This is a question I've wrestled with for years, both in my own projects and also those of my clients (who are often tired and confused themselves with how to organize their content).
Ultimately, I think there are a few key factors:
- How big is your company? Don't emulate Fortune 500 strategies if you're a small agency, it can make you look tone deaf, and frustrate your customers too. More often than not, large corporations are doing things inefficiently, and you shouldn't be copying them per se.
- Passive vs. active support... are you simply providing info, or talking with them?
- Does the information pertain only to your products and services, or could it also be helpful to a wider audience i.e. possibly part of a lead generation or SEO strategy?
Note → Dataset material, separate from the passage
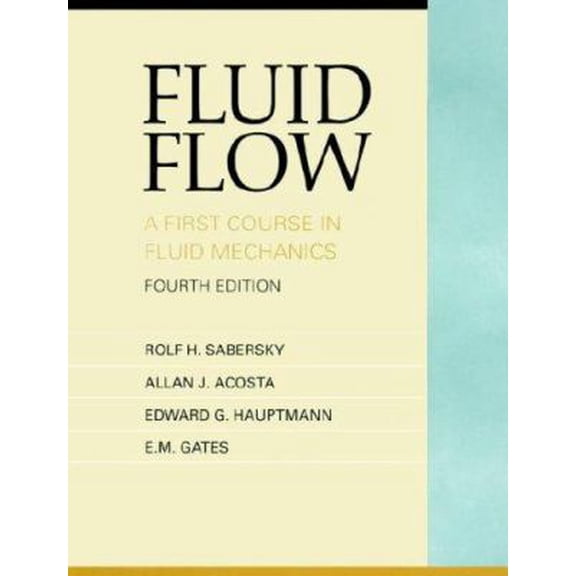 Pre-Owned Sabersky: Fluid Flow 1st Course _c4 (Paperback) 013576372X 9780135763728
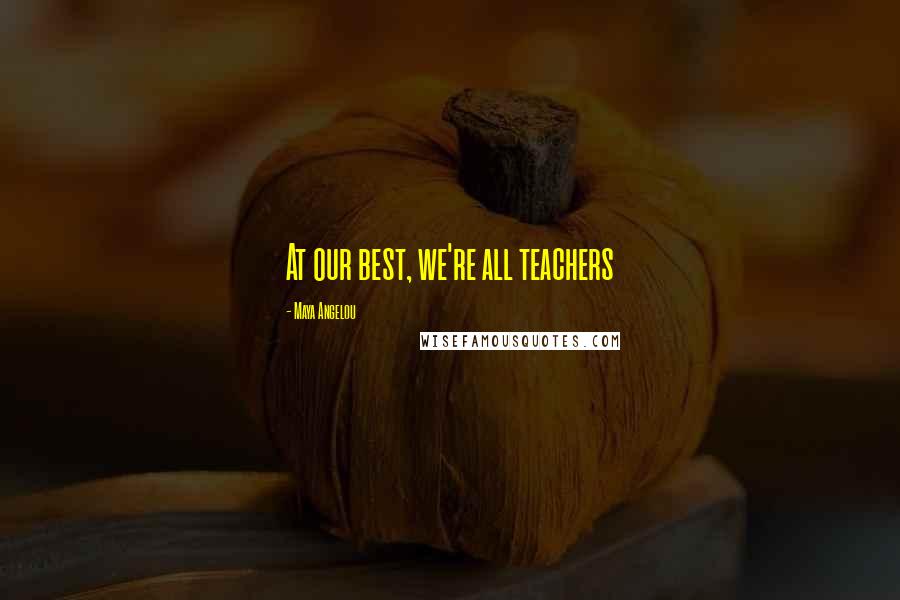 Maya Angelou Quotes: At our best, we're all teachers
As an SEO consultant I have seen so many small companies where 50% of their traffic is landing on Zendesk articles, when that could be optimized articles in their WordPress site used to convert new users, etc.
There are lingual concerns too, because some of the way we approach these concepts in the English world are not the same in other languages and cultures.
That said, here's my current conclusion:
- Generally speaking, anytime the word Support is used, most humans are going to expect that some form of active interaction is available whether via online chat, phone, or otherwise. A really great way to piss off your customers is to use this word, but not offer active interaction (bots don't count).
- FAQ is a more traditional and recognizable term, esp. for older generations or users who are not very tech-savvy. For many smaller websites and companies, I prefer using this approach, because having a dozen common questions with answers provides instant relief (and SEO).
- There's also Documentation or Docs, which are usually preferred by software-specific products or high-tech services with lots of detailed technical info.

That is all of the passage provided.